Three years on from the referendum on Scottish independence the SNP behave virtually as if it never happened, and the polls locked around the 55%-45% split against independence. More than a year on from the EU referendum the UK is still in the EU with no idea what will come next, nor any sign that opinion has moved on from the virtual 50/50 split on leaving or staying in.

The "joyous", "civic" atmosphere that the respective supporters of Scottish independence and Brexit thought they would create through their campaigns proved nothing more than a mirage, instead the reality was unpleasant and at times verged on fanatical. The simple fix to all problems people imagined might come from severing vital relationships and smashing up what has taken generations to build has proved a fantasy. 

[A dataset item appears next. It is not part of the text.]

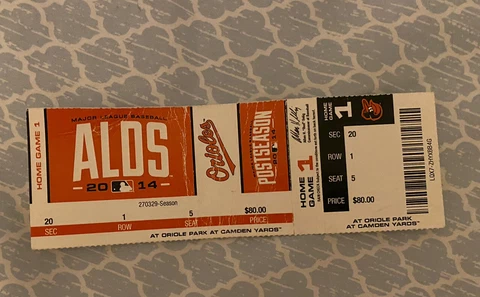 Baltimore Orioles vs Detroit Tigers ALDS 2014 Home Game 2 MLB Playoffs Ticket Cover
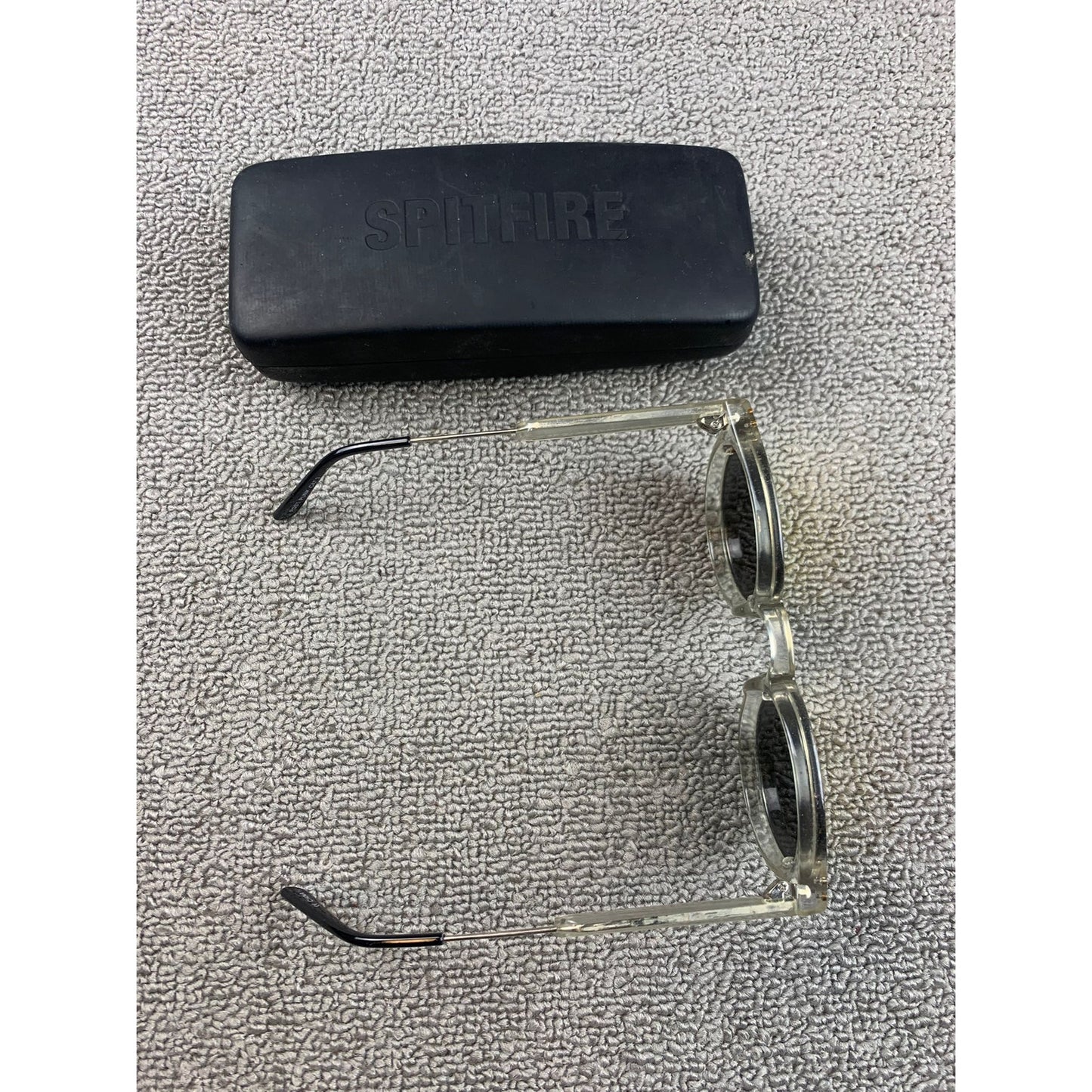 Spitfire England Unisex Silver Clear Black Round Retro Sunglasses With Case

I doubt whether Catalonia will prove any different in this regard. Indeed, even if the advocates of Catalan independence get what they want they will still have the problems that come from the illegality of the means they have chosen to achieve it. An independence referendum followed by a unilateral declaration of independence is nowhere near as bad as invasion followed by annexation, but the isolation of the Crimea following its sham referendum under Russian military occupation shows what happens when something which may have had popular support is achieved illegally.

Taiwan shows the virtues of leaving unanswerable question until later, of muddling through as best one can, even if this is often out of there being no other option. People both in Catalonia and in the UK could learn from this.